The Queen
I saw The Queen, along with a grimy, faded, near-unwatchable print of Dangerous Liasons, last week at the Aero Theater in Santa Monica with the director of both films, Stephen Frears, in attendance. (I don't know how Mr. Frears felt about seeing perhaps his most celebrated work projected in such a lamentable state. One can only hope that he made his gracious post-Q&A exit during the opening credit sequence, before the filth became too overbearing.)
It's a deft and surprising film, much more humorous than I expected, and I enjoyed it very much. So I'm not quite sure why it has taken me four days to actually write up a review...Laziness, I guess.
Frears had made a docu-drama for the BBC about the early political career of Tony Blair starring a man named Michael Sheen, who in addition to possessing a great deal of charisma and a natural presence on screen also happens to look very much like the real Prime Minister. The original project having been such a success, it was decided that Sheen would reprise his role as Blair in another film, one chronicling the week following the Parisian car crash that killed Lady Diana, ex-wife to the Prince of Wales.
So though it is titled The Queen and features an assured, sharp and rightly celebrated performance by Helen Mirren as Her Royal Highness Queen Elizabeth II, Frears' film isn't character study about one of the world's most famous monarchs. Rather, Frears and writer Peter Morgan mine human comedy from the relationship between an anxious upstart politician and the outdated relic to whom he's regrettably saddled.
In the Q&A session that followed the film last Saturday, Frears postulated that the monarchy itself may fade out after the death of Queen Elizabeth. The Queen is beloved of her subjects, but the same cannot necessarily be said for the institution she represents. It's an untenable situation, a self-fulfilling prophecy. If everyone thinks that the monarchy has no real power, and there's no Constitution giving the monarchy any official power, then the monarchy has no power. It's almost as if Brits have decided to just let these people continue to act like royalty in order to be polite, which is a very British thing to do. After all, it would be rude to ask them to move off of their 40,000 acres now. They're old!

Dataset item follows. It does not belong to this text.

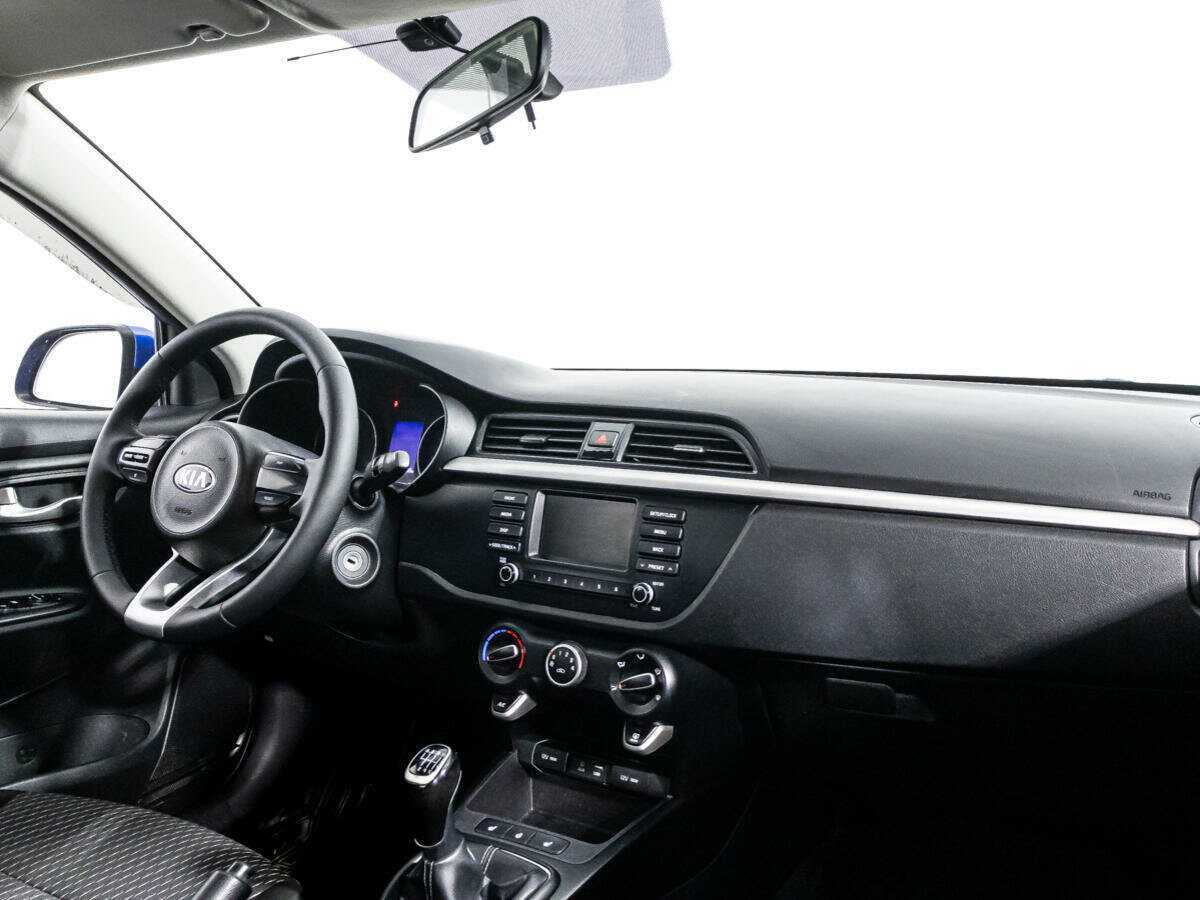 Б/У Киа Рио 2017 года. Фото: #8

Frears' film cuts right to the heart of this barely-concealed tension. Blair seems to know the Queen's opinion matters as he practices the various handshakes and salutory rituals one needs to make her acquaintance, but he also knows all this pomp has no deep significance. The Queen stands for tradition, but most of her subjects seem to desire change. The Queen hates celebrities, yet stripped of powers of state, she's little more than a celebrity herself. It would be tragic if it wasn't so amusing.
Frears' insightful, craftily satirical film pivots on one central concept: the notion of an old-fashioned European monarchy co-existing with a modern representational government is stupid and ridiculous. The film opens with Tony Blair's government ascending to power in a crucial election. In accordance with tradition, the first duty of an incoming Prime Minister is to visit The Queen and ask (or, more accurately, beg) for permission to form a new government.

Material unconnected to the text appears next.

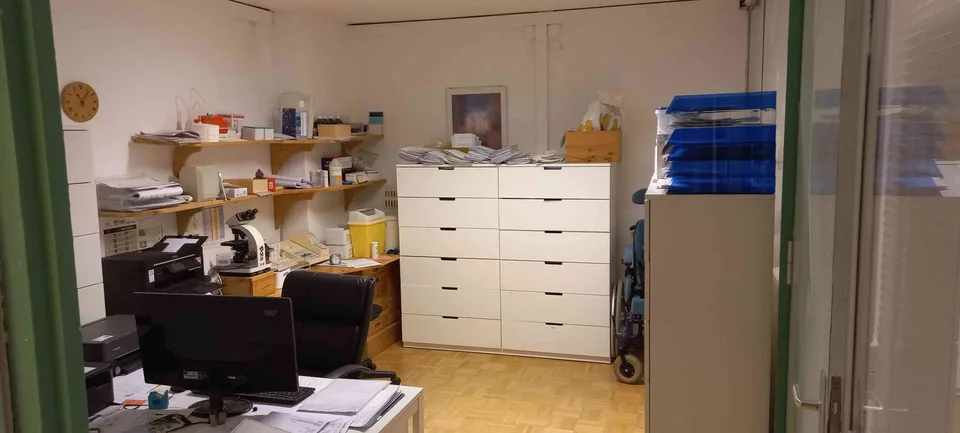 Surface bureau centre ville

Blair's a modern, casual kind of guy who asks everyone he works with to call him "Tony," but he's patriotic and enthusiastic enough to accept this rather awkward, humiliating ordeal with a smile. His wife Cherie (Helen McCrory), whom the Queen's advisor (Roger Allam) calls a "staunch anti-monarchist," finds the whole affair offensive, and makes it known with her fits of giggly schoolgirl laughter and her "shallow courtsy."
Frears and Morgan eventually come down on Cherie's side of this argument, taking umbrage at the idea of nobles, elevated by nothing other than birthright, lording over civil society with their antiquated rules and petty family squabbles. Accordingly, they depict all the royals as ludicrous characters in many ways.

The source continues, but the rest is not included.